THE Spine Collector, authorities called him. For six years he was a man who successfully racked up one crime after the other, taunting some of his victims along the way.
This chilling description may conjure up images of a hardened criminal leaving a trail of human bodies in his wake. But the truth is very much stranger than fiction in this case.
The man in question is actually a bespectacled nerdy type – and the spines he collected belong to books.
Filippo Bernardini (30), a junior employee at publishing giant Simon & Schuster UK, was arrested in New York early last year for stealing manuscripts of famous authors. The Federal District Court in Manhattan recently found him guilty of fraud and identity theft.
Over the past six years he has targeted big names such as Margaret Atwood, Sally Rooney, Ian McEwan and Ethan Hawke, as well as other lesser-known authors. He managed to steal more than 1 000 titles right from under their publishers’ noses.
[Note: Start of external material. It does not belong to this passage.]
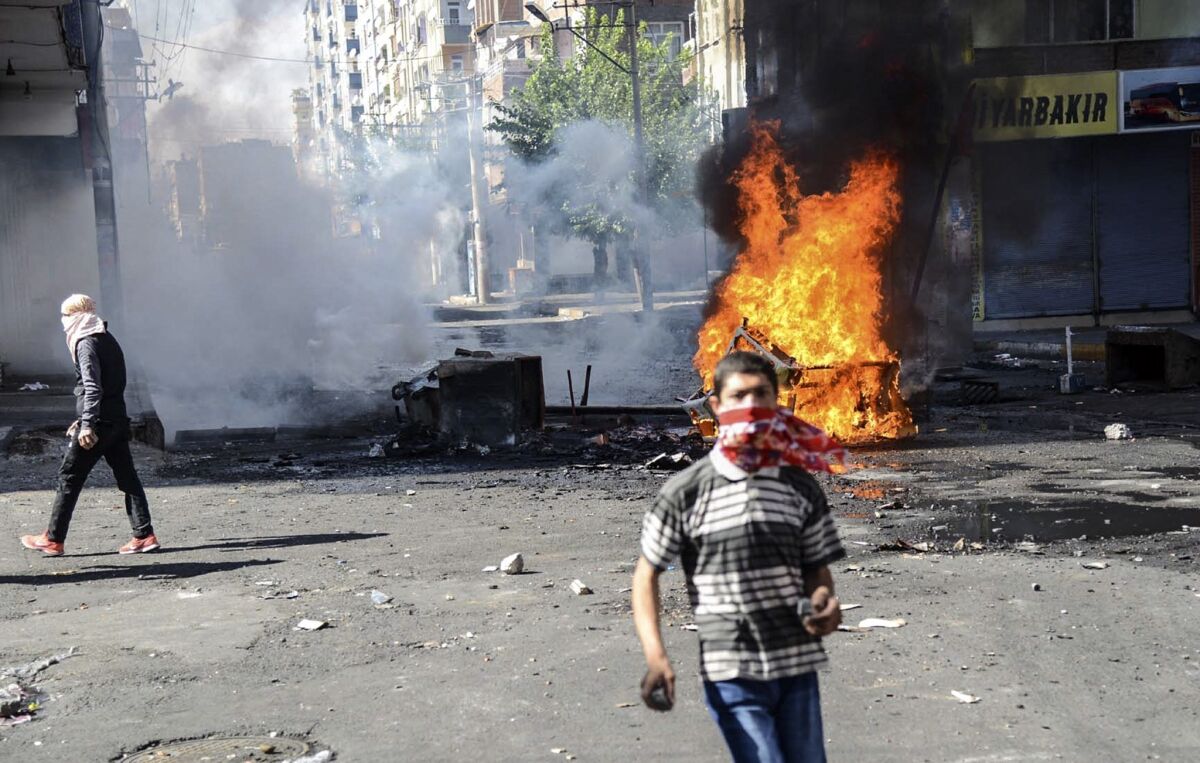 Kurdish protesters clash with Turkish riot police in Diyarbakir on Oct. 8.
Bernardini’s methods were quite simple. He sent polite emails to authors, editors, translators, and other well-connected people in the literary world, impersonating someone they knew and trusted and asked them to send him their latest drafts. In many cases, they happily obliged.
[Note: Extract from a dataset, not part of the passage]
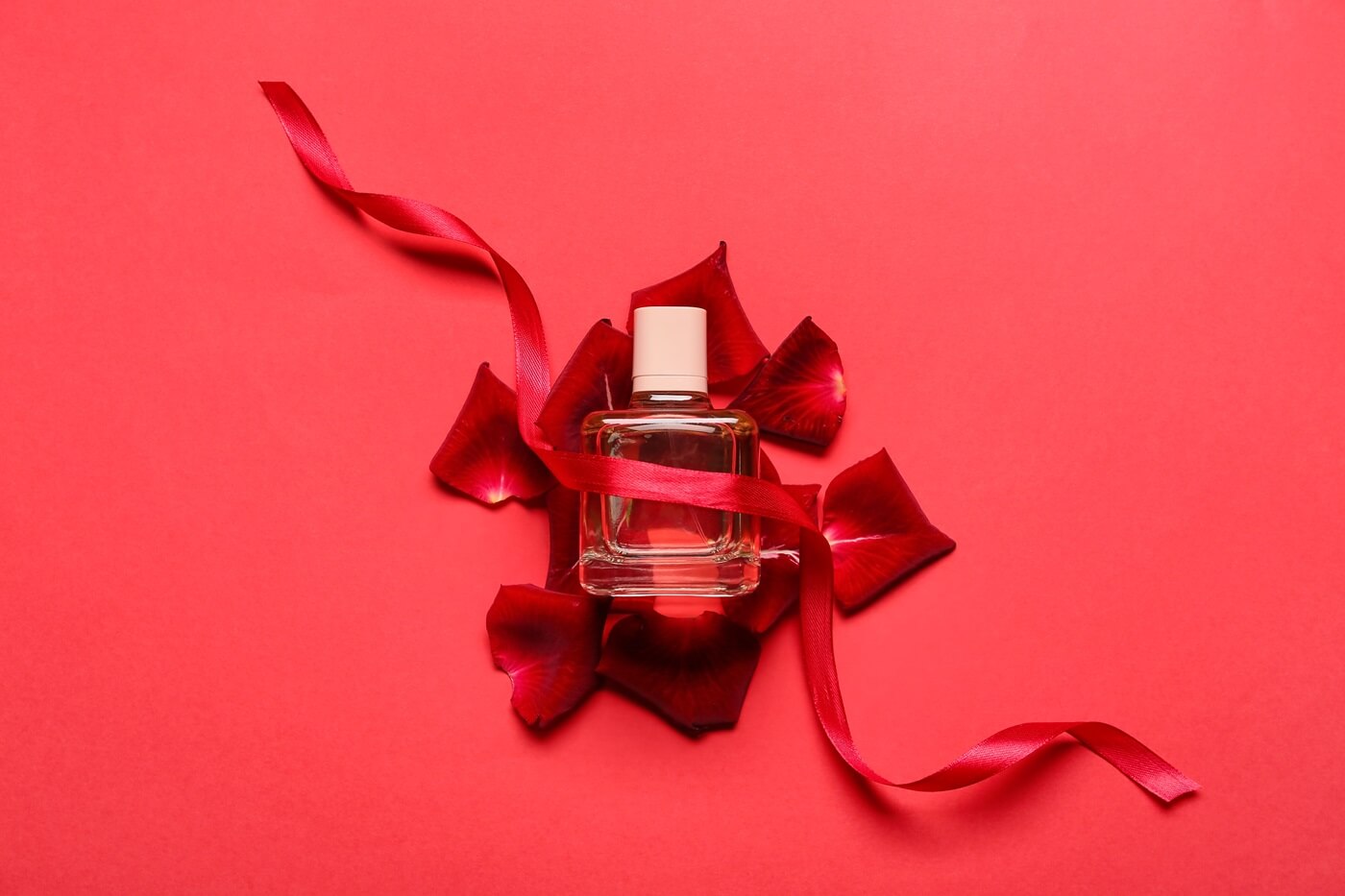 Uwodzicielskie perfumy na czerwonym tle przewiązane wstążką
He used publishing terms such as English language rights and using abbreviations like “ms” when referring to manuscripts. He also set up multiple email accounts with cleverly disguised email addresses such @randornhouse.com instead of @randomhouse.com – essentially a phishing exercise where emails aren’t who they appear to be from.
After a year-long investigation the FBI’s cyber division unmasked him and brought him to book.